Before the collision both rocks are flying parallel to the x-axis, so they have zero velocity in the y-direction (which we’ll abbreviate as vy0, where the 0 denotes your reference frame):

vy0 = 0 for both rock A and rock B

therefore total y-momentum is zero before the collision.

Symmetry tells you that in the collision, the rocks are deflected by equal and opposite amounts. Therefore as rock 1 moves by 1m in the y-direction and rock 2 moves by 1m in the opposite direction to reach their respective target lines, they take equal times to do so (t0(A) = t0(B)  = t).  So their y-velocities will then be:

v+y0 = 1/t for rock A and  - 1/t for rock B

(recall that we're using the superscript + to mean "after the collision").

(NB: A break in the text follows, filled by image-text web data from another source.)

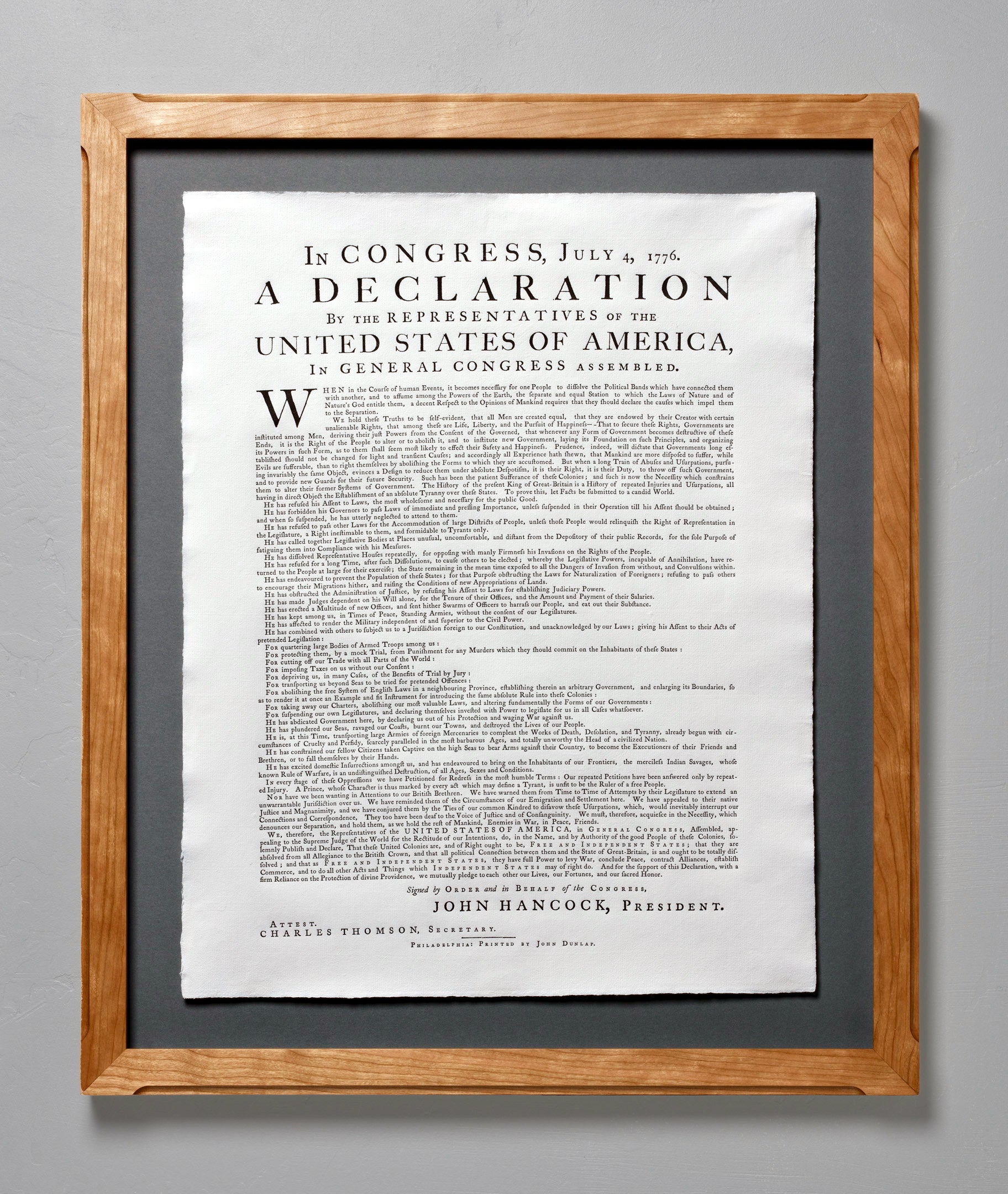 Framed Declaration of Independence, Washington style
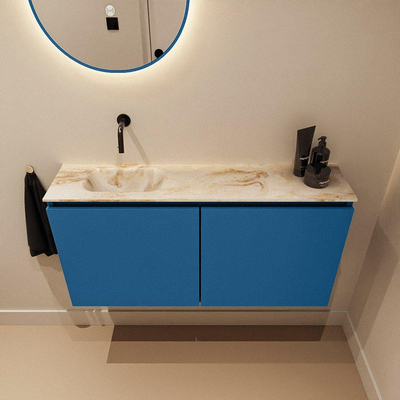 MONDIAZ TURE-DLUX 100cm meuble de toilettes Jeans. EDEN lavabo Frappe position à gauche. Sans trou de robinet.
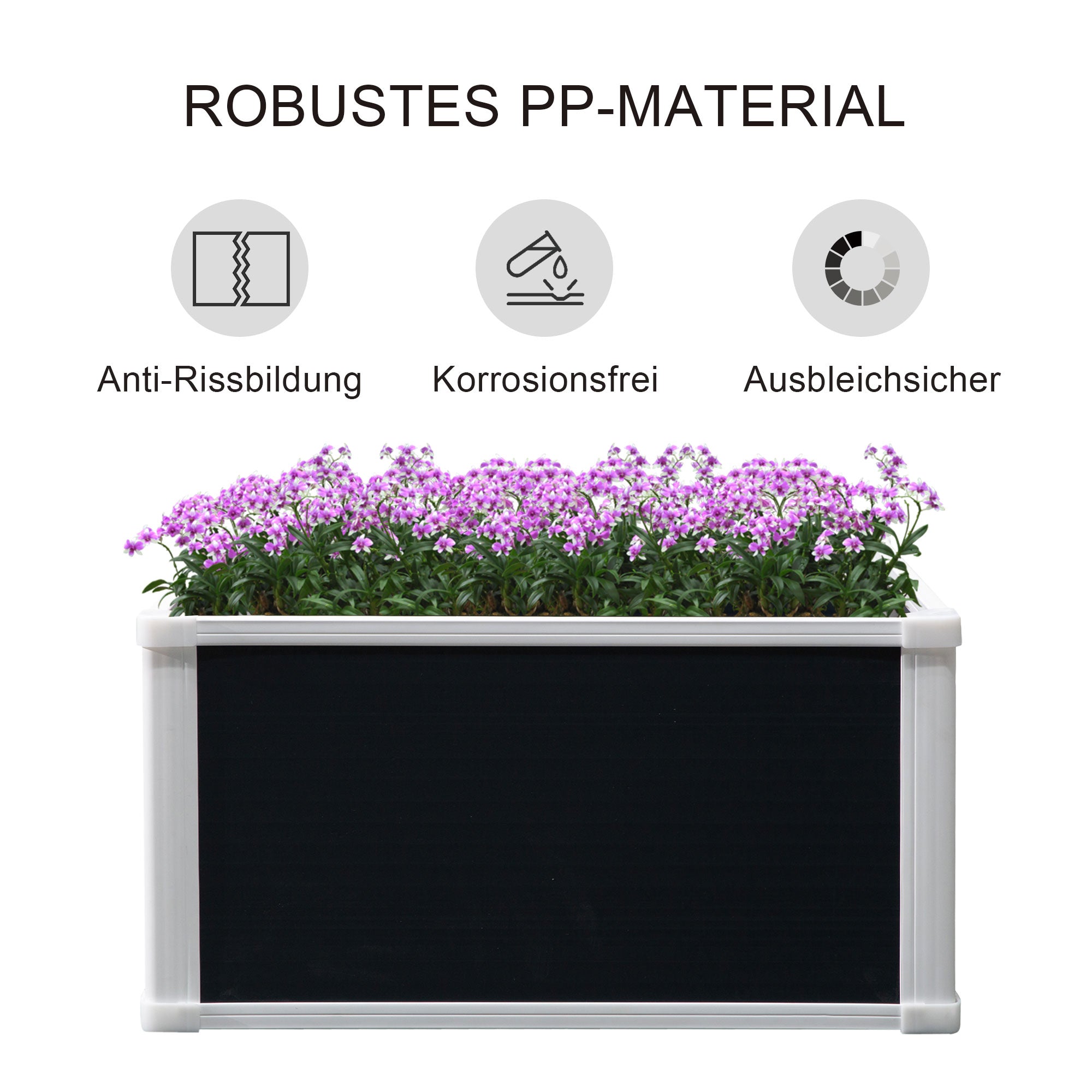 Raised Garden Bed Flower Box Planter 60x60x30cm Drainage Function Plastic Grey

Their momenta in the y-direction will therefore be: p+y0  =  m/t for rock A and -m/t  for rock B.

The total y-momentum after collision is therefore m/t - m/t  =  0:  this is the same as it was before the collision, so momentum was conserved.

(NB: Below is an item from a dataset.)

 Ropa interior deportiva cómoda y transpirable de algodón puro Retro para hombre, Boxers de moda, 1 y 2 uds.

Note that the y-velocities of the two stones after the collision would actually be affected by the relativistic effects of stone A hurtling away from you and stone B towards you. However this does not invalidate the result:  the stones have equal speeds relative to you (just in opposite directions), so the relativistic corrections would be the same for both and hence the total classical momentum after the collision would still be zero.